[FFmpeg-devel] [PATCH] Extra build options for ALS (and others)

Michael Niedermayer michaelni
Mon Nov 30 20:22:42 CET 2009


On Mon, Nov 30, 2009 at 04:09:23PM +0100, Thilo Borgmann wrote:
> Thilo Borgmann schrieb:
> > M?ns Rullg?rd schrieb:
> >> Thilo Borgmann <thilo.borgmann at googlemail.com> writes:
> >>
> >>> M?ns Rullg?rd schrieb:
> >>>> Thilo Borgmann <thilo.borgmann at googlemail.com> writes:
> >>>>
> >>>>> M?ns Rullg?rd schrieb:
> >>>>>> Thilo Borgmann <thilo.borgmann at googlemail.com> writes:
> >>>>>>
> >>>>>>> M?ns Rullg?rd schrieb:
> >>>>>>>> Thilo Borgmann <thilo.borgmann at googlemail.com> writes:
> >>>>>>>>
> >>>>>>>>> Hi,
> >>>>>>>>>
> >>>>>>>>> recently the need for an extra build option for the ALS decoder arose.
> >>>>>>>> Is it impossible to achieve the desired outcome with some combination
> >>>>>>>> of always_inline, noinline, and flatten attributes?
> >>>>>>> No.
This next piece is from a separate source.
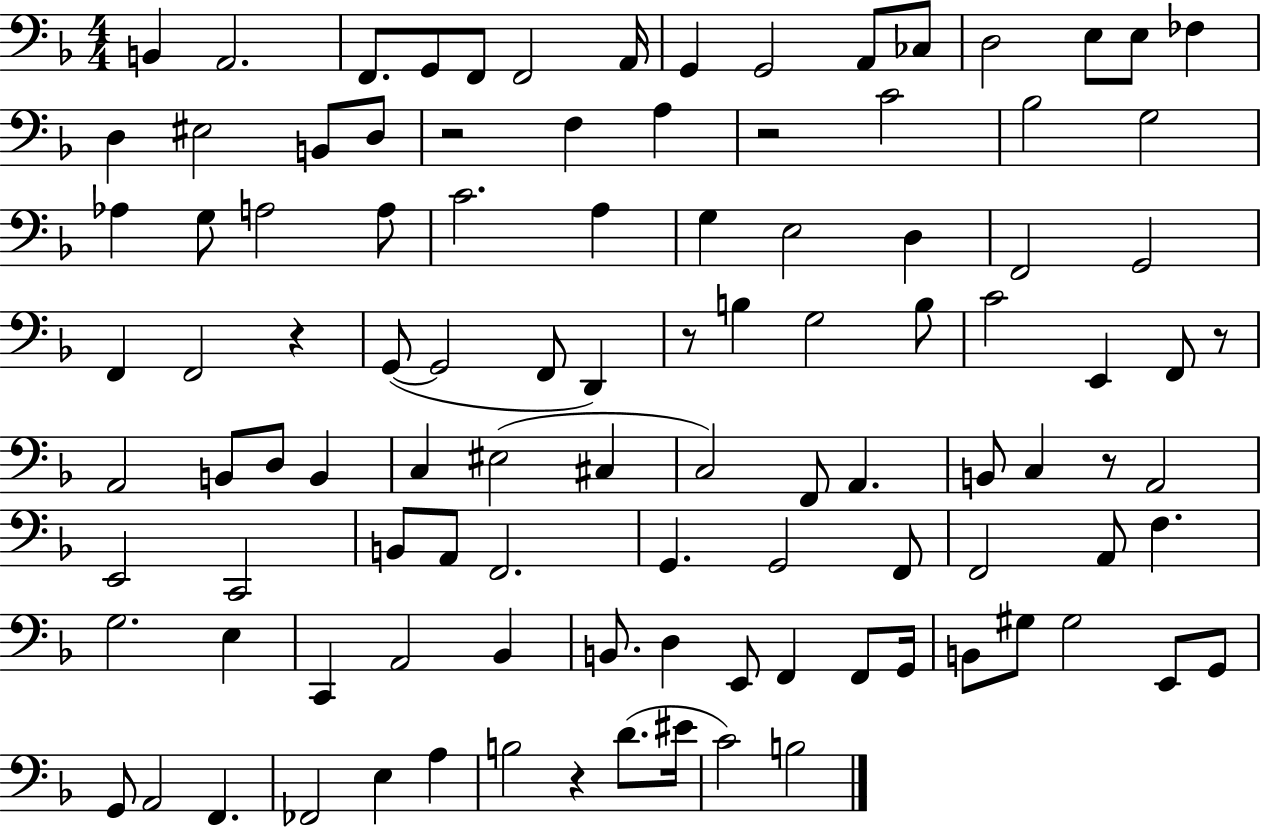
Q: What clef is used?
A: bass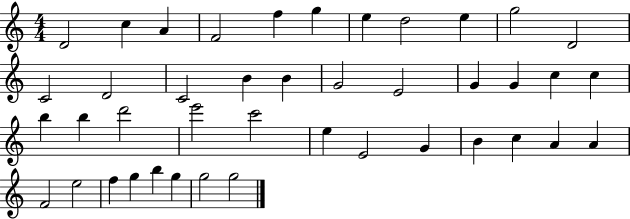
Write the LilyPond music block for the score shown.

See [PATCH] Split reading and decoding of blocks in ALS.
> >>>>>>>
> >>>>>>> Although I've managed to have the functions from the alsdec.c inlined
> >>>>>>> manually according to the grep'ed output of the assembler code, it seems
> >>>>>>> like it is not enough to manually inline functions from within that .c
> >>>>>>> file only using these technique.
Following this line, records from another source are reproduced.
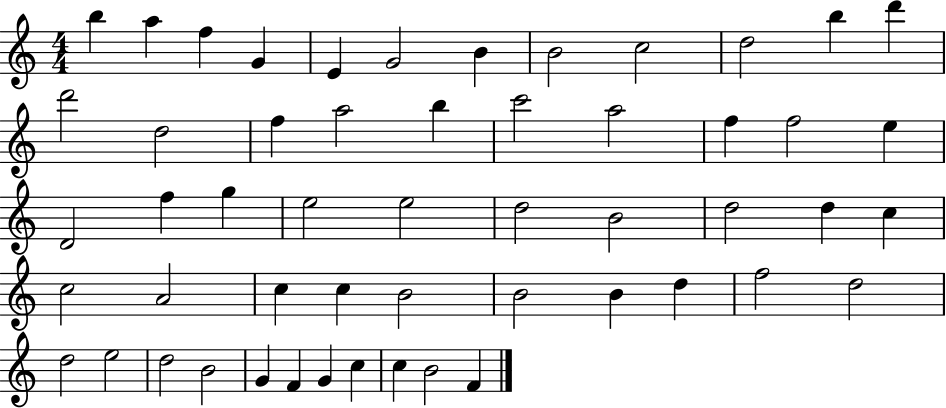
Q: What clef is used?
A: treble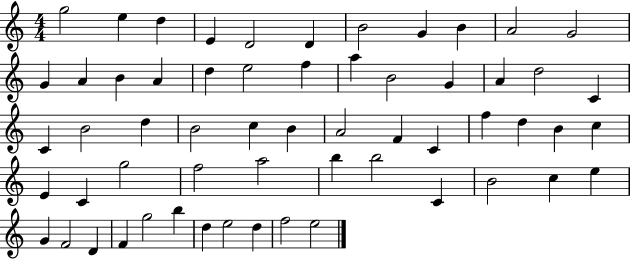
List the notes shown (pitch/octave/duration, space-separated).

G5/h E5/q D5/q E4/q D4/h D4/q B4/h G4/q B4/q A4/h G4/h G4/q A4/q B4/q A4/q D5/q E5/h F5/q A5/q B4/h G4/q A4/q D5/h C4/q C4/q B4/h D5/q B4/h C5/q B4/q A4/h F4/q C4/q F5/q D5/q B4/q C5/q E4/q C4/q G5/h F5/h A5/h B5/q B5/h C4/q B4/h C5/q E5/q G4/q F4/h D4/q F4/q G5/h B5/q D5/q E5/h D5/q F5/h E5/h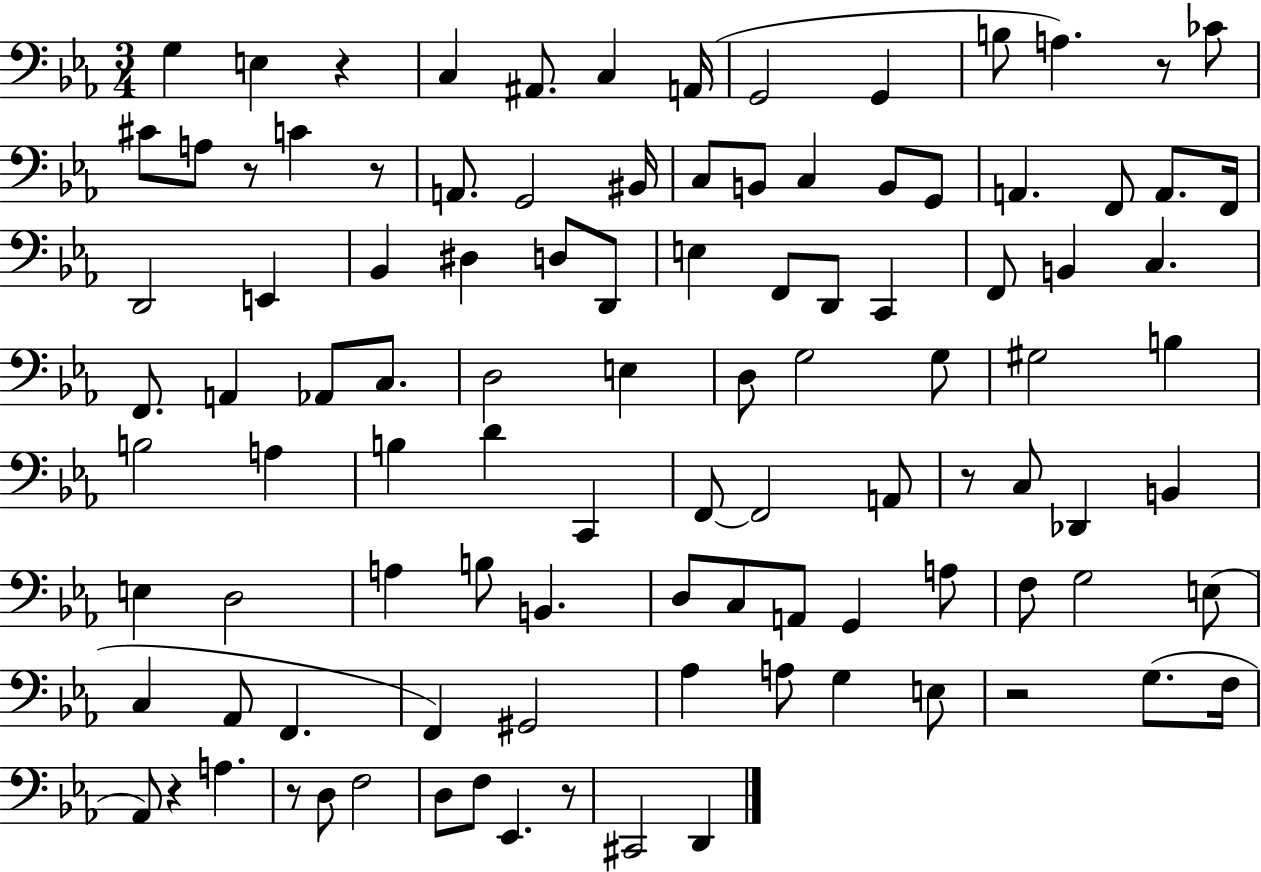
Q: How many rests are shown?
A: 9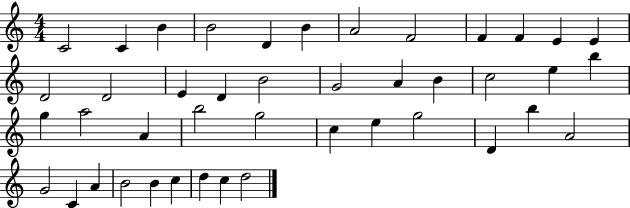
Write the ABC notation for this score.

X:1
T:Untitled
M:4/4
L:1/4
K:C
C2 C B B2 D B A2 F2 F F E E D2 D2 E D B2 G2 A B c2 e b g a2 A b2 g2 c e g2 D b A2 G2 C A B2 B c d c d2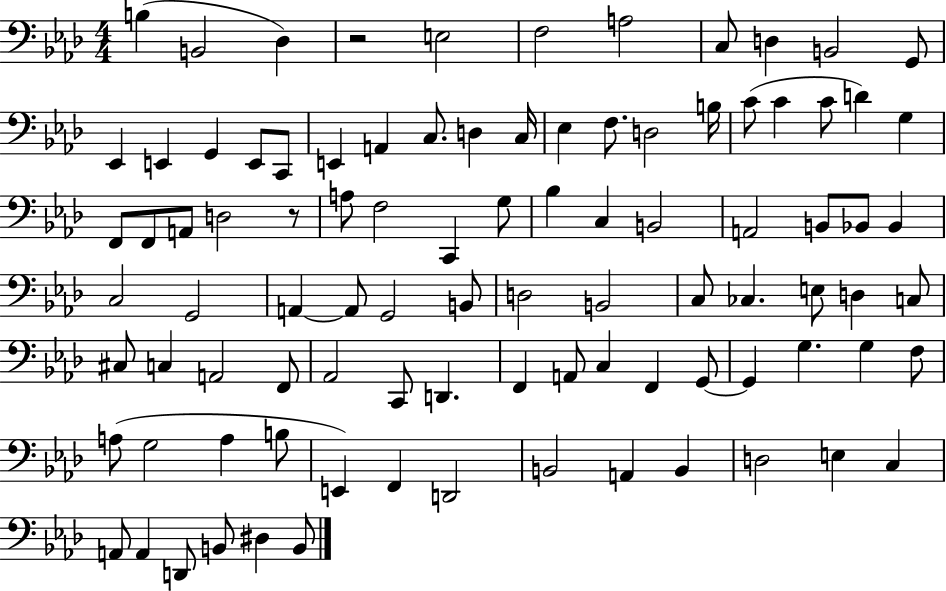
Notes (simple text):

> >>>>>> I'm confused.  Can it be done in the C code only or not?  This kind of
> >>>>>> issue should really not be solved in the makefile.
> >>>>> The issue is the big slowdown. The patch that causes this splits a big
> >>>>> function into two, which are then called successively.
> >>>>>
> >>>>> To overcome the slowdown issue, I inspected the functions being inlined
> >>>>> with and without the -finline-limit option. I can use av_always_inline
> >>>>> for many functions within alsdec.c to have the same functions inlined
> >>>>> like -finline-limit does.
> >>>>>
> >>>>> Unfortunately, using -finline-limit removes the slowdown introduced by
> >>>>> the patch while using av_always_inline does not.
> >>>> So it's not doing the same thing.  What is it doing differently?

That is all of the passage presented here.